In leadership by title models, becoming an effective leader is to become an effective executive. In the second article in HBR’s 10 Must Reads On Leadership, world-renowned leadership thinker Peter F. Drucker focuses on the practices of an effective executive. Essentially, he claims that leadership is not innate. Leverage specific practices and you too can be a leader. In particular he talks about 8 key practices of disciplined leaders.
“Leadership Isn’t about personality or talent. In fact, the best leaders exhibit wildly different personalities.” Peter F. Drucker
8 Practices of Leadership:
- The asked, “what needs to be done?”
- They asked, “what is right for the enterprise?”
- They developed action plans.
- They took responsibility for decisions.
- They took responsibility for communication.
- They were focused on opportunities rather than problems.
- They ran productive meetings.
- They thought and said “we” rather than ”I”
What works about Drucker’s approach, is that it is grounded in having the right information, executing through actionable steps and accountability to the plan. As Drucker says, “leaders, they get the right things done, in the right ways. So if you don’t have the ‘right stuff’, then you can practice the following behaviors and rise to become a leader in your organization.” There is a “we” the organization mentality that is more holistic than the traditional focus on “I”. There is also the emphasis to focus on opportunities, and not problems, and personal accountability for decisions and communications. As you can probably already see, this model places the focus of leadership on the effective management of everything that drives towards consistent performance outcomes and results. Needless to say, the 8 practices of leadership, is a very behavioral model that engenders trust through disciplined action.
As previously stated, this model does broaden the conceptualization of who can be a leader to people previously not considered one, but it is very much grounded in the Corporate Mindset:
- It promotes a mastery of one-size-fits all leadership that can lead to a rather superficial façade that mimics pseudo-transformational leadership (connection, but no action), just in the opposite way (e.g., action, but no connection).
- The focus of success is internal to the organization with little information connected to humanity or accountability for how results play out in the outside world. As long as business inside the walls is tracking well, one will be promoted and isn’t that a grand sign of leadership?!
- The collection of information and determination of the opportunity is the purview of the leader, but defining opportunity must be done through consensus or risks selection bias.

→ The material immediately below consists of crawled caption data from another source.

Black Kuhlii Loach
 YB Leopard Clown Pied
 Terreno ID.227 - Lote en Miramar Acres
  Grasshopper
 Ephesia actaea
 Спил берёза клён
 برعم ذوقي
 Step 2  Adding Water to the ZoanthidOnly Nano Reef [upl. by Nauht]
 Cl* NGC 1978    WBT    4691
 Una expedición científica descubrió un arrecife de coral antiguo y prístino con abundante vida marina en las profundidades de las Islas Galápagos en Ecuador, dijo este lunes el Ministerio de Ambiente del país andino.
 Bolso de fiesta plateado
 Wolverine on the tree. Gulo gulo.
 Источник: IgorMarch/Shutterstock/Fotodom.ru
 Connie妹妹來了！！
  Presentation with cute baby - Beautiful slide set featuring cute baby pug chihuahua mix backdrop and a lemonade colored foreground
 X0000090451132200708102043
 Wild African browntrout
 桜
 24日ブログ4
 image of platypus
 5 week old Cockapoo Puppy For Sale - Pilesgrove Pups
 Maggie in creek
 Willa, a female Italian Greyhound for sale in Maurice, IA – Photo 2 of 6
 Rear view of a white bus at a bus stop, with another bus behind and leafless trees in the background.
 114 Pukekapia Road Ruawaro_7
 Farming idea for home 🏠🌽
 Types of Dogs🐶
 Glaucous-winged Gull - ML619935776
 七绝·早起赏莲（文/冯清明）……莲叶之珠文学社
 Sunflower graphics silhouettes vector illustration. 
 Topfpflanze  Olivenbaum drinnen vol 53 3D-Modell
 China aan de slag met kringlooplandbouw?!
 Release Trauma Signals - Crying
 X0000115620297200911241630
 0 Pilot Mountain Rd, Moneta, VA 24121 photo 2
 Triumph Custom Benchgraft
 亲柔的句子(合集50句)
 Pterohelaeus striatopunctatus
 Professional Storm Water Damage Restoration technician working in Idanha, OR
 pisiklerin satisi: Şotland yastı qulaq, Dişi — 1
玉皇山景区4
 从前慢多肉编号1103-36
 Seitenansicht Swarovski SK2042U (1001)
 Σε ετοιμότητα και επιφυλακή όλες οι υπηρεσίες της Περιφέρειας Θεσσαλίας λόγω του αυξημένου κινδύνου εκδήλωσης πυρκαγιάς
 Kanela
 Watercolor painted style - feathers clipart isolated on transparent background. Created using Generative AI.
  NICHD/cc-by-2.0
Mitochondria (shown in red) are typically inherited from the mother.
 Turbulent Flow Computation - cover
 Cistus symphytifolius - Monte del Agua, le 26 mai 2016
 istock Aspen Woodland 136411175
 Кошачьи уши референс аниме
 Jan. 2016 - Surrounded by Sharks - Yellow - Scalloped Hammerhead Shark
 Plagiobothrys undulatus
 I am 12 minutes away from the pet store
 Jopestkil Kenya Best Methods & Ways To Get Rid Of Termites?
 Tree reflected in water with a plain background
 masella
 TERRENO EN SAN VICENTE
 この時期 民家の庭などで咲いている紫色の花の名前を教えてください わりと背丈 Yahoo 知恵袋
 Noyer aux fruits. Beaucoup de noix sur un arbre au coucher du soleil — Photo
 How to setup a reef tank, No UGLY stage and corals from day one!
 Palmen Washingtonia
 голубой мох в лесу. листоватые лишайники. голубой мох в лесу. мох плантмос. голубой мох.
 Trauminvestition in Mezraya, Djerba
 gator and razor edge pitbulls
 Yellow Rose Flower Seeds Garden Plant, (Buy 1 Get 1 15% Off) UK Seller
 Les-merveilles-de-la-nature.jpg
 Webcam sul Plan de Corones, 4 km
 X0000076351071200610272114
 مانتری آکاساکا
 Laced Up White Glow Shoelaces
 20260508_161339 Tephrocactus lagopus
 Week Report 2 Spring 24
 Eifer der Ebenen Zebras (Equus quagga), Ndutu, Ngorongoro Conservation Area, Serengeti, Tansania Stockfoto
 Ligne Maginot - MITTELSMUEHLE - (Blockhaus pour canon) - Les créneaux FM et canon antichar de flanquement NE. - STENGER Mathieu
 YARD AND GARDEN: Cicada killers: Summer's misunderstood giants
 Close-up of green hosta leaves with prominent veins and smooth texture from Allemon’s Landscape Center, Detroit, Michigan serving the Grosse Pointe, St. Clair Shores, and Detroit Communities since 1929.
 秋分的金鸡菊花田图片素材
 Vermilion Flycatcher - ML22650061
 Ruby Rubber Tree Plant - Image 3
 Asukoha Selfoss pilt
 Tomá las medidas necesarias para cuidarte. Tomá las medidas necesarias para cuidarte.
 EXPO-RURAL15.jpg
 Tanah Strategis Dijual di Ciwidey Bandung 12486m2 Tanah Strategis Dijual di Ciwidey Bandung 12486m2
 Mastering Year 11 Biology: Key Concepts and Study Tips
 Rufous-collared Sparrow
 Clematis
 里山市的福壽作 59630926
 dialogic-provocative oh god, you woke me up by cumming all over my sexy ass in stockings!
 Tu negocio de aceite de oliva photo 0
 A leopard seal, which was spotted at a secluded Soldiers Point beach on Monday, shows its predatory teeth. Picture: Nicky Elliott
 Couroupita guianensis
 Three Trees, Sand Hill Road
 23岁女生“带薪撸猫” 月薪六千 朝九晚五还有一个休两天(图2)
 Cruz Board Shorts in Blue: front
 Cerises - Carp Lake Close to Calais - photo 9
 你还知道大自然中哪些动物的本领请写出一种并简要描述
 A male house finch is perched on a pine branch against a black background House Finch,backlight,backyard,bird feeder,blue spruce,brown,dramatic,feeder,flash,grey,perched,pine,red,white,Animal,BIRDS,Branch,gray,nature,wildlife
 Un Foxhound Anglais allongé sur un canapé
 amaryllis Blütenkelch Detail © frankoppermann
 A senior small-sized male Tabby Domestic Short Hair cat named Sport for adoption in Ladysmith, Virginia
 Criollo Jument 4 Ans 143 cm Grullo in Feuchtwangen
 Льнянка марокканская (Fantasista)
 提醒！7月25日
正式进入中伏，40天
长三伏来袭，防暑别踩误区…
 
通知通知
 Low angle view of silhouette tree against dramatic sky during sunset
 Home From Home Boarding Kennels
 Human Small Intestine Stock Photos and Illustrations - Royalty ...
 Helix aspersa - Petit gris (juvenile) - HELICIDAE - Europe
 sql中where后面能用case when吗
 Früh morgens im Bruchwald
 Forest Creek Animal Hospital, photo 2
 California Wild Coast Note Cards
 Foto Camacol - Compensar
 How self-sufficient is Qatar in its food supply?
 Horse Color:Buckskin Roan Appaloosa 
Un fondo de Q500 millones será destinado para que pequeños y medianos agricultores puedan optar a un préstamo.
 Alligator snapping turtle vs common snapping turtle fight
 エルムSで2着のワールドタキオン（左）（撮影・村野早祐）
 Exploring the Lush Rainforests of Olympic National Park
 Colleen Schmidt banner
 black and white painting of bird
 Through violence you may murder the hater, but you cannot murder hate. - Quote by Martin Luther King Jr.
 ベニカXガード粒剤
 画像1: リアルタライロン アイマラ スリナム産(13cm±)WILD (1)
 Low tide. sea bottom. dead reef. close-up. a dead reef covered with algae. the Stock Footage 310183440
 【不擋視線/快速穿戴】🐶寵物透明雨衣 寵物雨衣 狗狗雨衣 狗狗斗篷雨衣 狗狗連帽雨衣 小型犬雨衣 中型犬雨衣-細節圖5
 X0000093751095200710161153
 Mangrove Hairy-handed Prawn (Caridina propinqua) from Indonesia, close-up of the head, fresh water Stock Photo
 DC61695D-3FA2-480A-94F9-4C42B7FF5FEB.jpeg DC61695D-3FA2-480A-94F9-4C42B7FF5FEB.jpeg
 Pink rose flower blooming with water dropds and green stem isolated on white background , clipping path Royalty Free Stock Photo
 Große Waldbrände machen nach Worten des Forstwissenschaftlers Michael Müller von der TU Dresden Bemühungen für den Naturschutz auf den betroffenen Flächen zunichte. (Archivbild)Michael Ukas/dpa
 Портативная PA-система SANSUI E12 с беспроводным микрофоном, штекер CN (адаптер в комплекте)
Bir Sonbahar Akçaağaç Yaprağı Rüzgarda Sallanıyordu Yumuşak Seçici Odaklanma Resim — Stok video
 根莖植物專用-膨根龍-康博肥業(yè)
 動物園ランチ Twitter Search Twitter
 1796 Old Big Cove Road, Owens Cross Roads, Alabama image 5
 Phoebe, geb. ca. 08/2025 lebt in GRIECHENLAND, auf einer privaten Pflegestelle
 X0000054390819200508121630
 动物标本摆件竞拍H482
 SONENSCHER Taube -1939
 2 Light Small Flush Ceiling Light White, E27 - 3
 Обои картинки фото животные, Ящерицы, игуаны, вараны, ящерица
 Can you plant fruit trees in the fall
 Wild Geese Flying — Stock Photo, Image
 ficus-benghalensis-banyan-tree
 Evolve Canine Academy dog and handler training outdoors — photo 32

- There is accountability, but not a collective responsibility that engages the entire team in leading well.
“Production by machine had led to the peculiar illusion that the road to excellence is straight and pleasant…thinking in the industrialized world covets no failures and knows no excellence.”Erich Fromm
This model is highly applicable, but primarily for those who are tracking towards a designated position of leadership within an organization and not becoming a leader. Executive models of leadership can be dangerous because they track people towards a position, title, and pay. Leadership is about being a leader, anywhere and everywhere, regardless of pay. It is about having an authentic model and more personalized brand of leadership that is centered on your strengths that can then be applied to all situations and opportunities in life, inside and outside of work or the corporation. Tracking the behaviors of executives by rank and title is superficial, and a poor indicator of success. Only in the linear illusion of success does this matter. Such a myopic view of leadership can lead to high performers who have no soulful connection to the vision, the work, the team, or the organization.